Exercise requirements:
The output should be exactly the lines from the one containing "Una habitación con" through the last line of the records, and only those.
---- Given data
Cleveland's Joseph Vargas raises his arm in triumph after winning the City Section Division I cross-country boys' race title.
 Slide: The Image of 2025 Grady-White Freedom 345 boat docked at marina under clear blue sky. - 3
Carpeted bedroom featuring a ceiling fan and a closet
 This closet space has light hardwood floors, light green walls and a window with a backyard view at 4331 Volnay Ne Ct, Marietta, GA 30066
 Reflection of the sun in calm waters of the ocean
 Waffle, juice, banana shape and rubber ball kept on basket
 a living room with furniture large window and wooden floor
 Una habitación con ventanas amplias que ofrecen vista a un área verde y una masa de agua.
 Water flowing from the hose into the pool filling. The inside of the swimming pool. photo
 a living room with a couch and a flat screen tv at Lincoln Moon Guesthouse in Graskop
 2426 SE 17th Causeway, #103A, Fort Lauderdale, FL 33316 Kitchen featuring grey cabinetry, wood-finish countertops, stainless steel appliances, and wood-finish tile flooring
--------
Exercise answer:
 Una habitación con ventanas amplias que ofrecen vista a un área verde y una masa de agua.
 Water flowing from the hose into the pool filling. The inside of the swimming pool. photo
 a living room with a couch and a flat screen tv at Lincoln Moon Guesthouse in Graskop
 2426 SE 17th Causeway, #103A, Fort Lauderdale, FL 33316 Kitchen featuring grey cabinetry, wood-finish countertops, stainless steel appliances, and wood-finish tile flooring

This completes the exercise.